Сегодня Татьяна говорит о самых лучших моментах их жизни. Но до сих пор болью в сердце отзываются воспоминания о пристрастии поэта к спиртному и о том, как Миша ушёл из семьи, можно сказать, в Никуда:

– Мужу уделяла даже больше времени, чем сыну. Боролась за него всеми силами. Я сейчас уже думаю, что это было моё предназначение: донести его на руках до определённого момента жизни. А потом я ему сказала: «Раз ты так решил, иди». И он, оп – и выпрыгнул из семейного гнезда. Но эту дорогу он выбрал сам... Хотя и называл меня своим ангелом-хранителем...


Кто знает, что действительно творилось на душе у самого Михаила, отчего он принял такое решение? Ведь никогда нельзя осуждать человека, даже не выслушав его... Очевидно одно: в последние годы жизни, когда стало "темно в конце строки", он писал особенно остро и пронзительно. «Старый Дом - на краю жизни, мира, судьбы» - написал Сергей Арутюнов. Что есть безумие для мира сего и благо - для поэта. Не имея никаких средств на издание книги, делился стихами в сети.

Однажды он обратился с просьбой опубликовать свои творения к знакомому по журналистскому цеху Дмитрию Муратову, который перебрался из Самары в Москву и возглавлял столичную газету. Тот подготовил стихи к печати. И надо же было так сложиться обстоятельствам, что в этот момент их на столе увидел известный литератор. Кто это был, Татьяна точно не знает. Но вспоминает, что с помощью этого человека о самарском поэте узнал Евгений Евтушенко.

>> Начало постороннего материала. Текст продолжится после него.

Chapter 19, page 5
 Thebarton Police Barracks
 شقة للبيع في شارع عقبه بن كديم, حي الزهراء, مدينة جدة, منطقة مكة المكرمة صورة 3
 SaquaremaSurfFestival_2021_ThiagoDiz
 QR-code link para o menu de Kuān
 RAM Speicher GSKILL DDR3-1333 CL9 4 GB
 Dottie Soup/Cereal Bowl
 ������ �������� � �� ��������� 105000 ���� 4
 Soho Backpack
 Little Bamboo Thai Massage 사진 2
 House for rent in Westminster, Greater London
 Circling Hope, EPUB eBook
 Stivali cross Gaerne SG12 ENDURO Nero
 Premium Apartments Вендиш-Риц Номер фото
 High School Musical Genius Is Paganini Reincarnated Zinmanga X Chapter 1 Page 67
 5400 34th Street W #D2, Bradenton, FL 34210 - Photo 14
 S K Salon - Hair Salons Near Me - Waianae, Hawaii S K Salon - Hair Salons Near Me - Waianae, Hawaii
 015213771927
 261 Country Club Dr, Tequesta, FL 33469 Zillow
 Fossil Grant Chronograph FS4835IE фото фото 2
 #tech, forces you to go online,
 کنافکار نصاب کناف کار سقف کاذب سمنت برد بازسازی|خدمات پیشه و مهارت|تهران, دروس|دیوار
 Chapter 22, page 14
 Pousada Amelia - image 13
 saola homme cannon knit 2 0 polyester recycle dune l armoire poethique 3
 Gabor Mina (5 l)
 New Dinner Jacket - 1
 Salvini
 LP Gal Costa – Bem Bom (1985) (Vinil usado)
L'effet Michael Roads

– Миша и Евгений Александрович созвонились, стали переписываться в интернете. Он отправил именитому поэту свои стихи. Чем больше Евтушенко их читал, тем выше было его мнение о таланте Анищенко. И он открыл самарского поэта не только для себя, но и для всей России. Вот что писал о нём сам Евтушенко:

«И вот появился поэт, далеко не 22-летний, но красивый своей мудрой детской исповедальностью, поэт не случайный в компании таких бесстрашно бескожих людей, с ханжеской точки зрения, непутёвых, зато умевших быть нежными к родине, женщинам и природе, как Сергей Есенин, Николай Рубцов, да и Веничка Ерофеев. Есть у Михаила Анищенко черты и других сильных поэтов – Юрия Кузнецова и Сергея Клычкова, но всё это не вычитанное, а вчитанное. Когда я прочёл три его стихотворения, напечатанные Олегом Хлебниковым, то сразу понял, что наконец-то пришёл долгожданный большой русский поэт»...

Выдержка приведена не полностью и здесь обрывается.